Stell Dir vor, es ist Brexit und keiner geht hin

In Abwandlung des Satzes „Stell dir vor, es ist Krieg und keiner geht hin“ möchte ich ein vielleicht etwas kühnes Szenario entwickeln. Der Satz wird oft Bert Brecht zugeschrieben, stammt aber wohl von Carl August Sandburg, einem amerikanischen Dichter, Journalist und Historiker mit schwedischen Wurzeln.

Um den Brexit formaljustistisch einzuleiten, muss Englands Regierung das Verfahren nach Artikel 50 der Europäischen Verträge in Gang setzen. Das Referendum alleine stellt im Sinne dieser Vorschrift keine Weichen.

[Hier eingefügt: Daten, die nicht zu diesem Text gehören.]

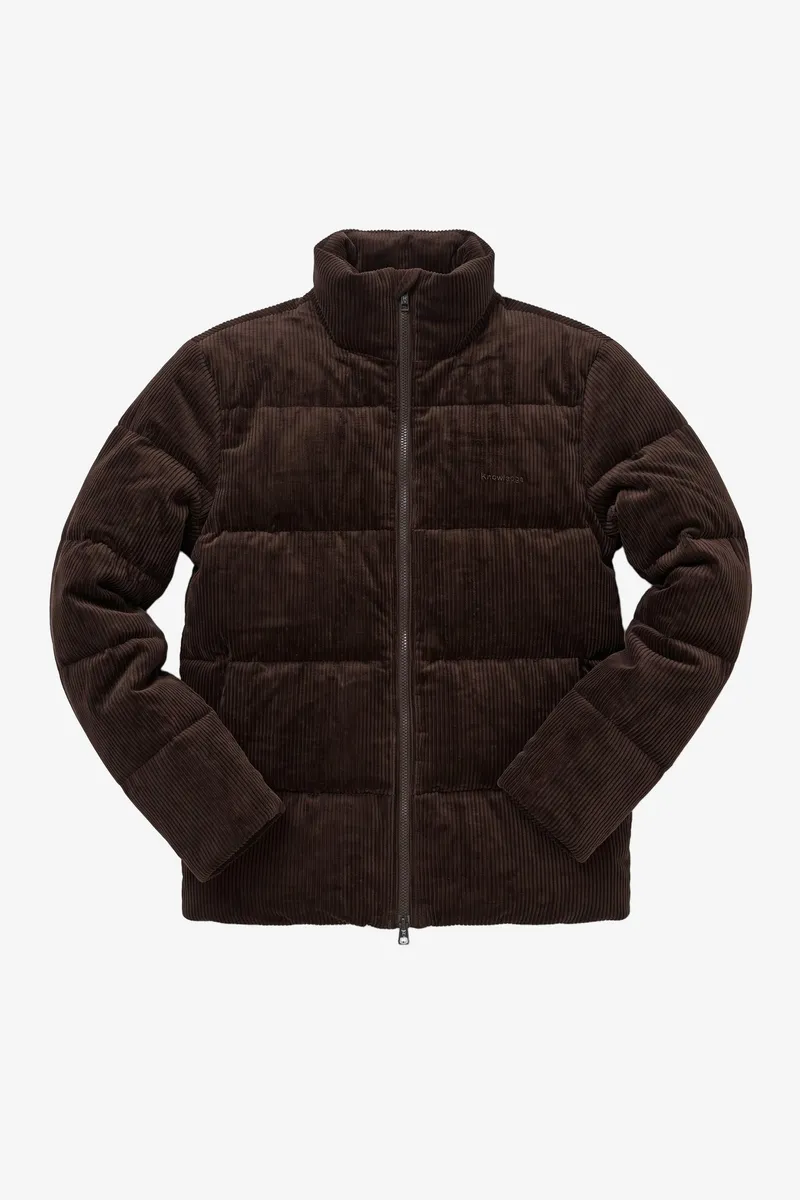 KnowledgeCotton Apparel KnowledgeCotton Apparel Herren vegan Pufferjacke Corduroy Chocolate Torte, Braun, – Produktbild 1 von 2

Der jetzige britische Regierungschef Cameron will im Oktober zurücktreten und überlässt es seinem Nachfolger, den Schritt zu unternehmen. Es wird also (mindestens) bis Oktober dauern, bis die zweijährige Austrittsphase startet. So lange ist der Brexit „on hold“.

Die schottische und die nord-irische Bevölkerung stimmte mit deutlicher Mehrheit für den Verbleib in der EU. Falls z.B. Schottland wie bereits angekündigt ein erneutes Referendum durchführt zur Loslösung von Großbritannien (und das verknüpft mit dem Anschluss an die EU) dürfte das schwerwiegende Folgen für den Bestand von Großbritannien haben.

So weit der Status quo.

Warum nimmt Cameron nicht gleich seinen Hut, wie das normalerweise zu erwarten wäre? Die Erklärung ist meiner Meinung nach so einfach wie typisch für die Politik innerhalb dieser EU: Die britische Regierung will bis Oktober mit Brüssel weitere Zugeständnisse für das Land aushandeln. Dann wird sie sagen, wir haben alles erreicht, was wir wollten (und noch ein wenig mehr), nun können wir bleiben. Treibende Kraft dabei dürfte auf kontinental-europäischer Seite die deutsche (Export-)Industrie sein, Pardon, Frau Merkel.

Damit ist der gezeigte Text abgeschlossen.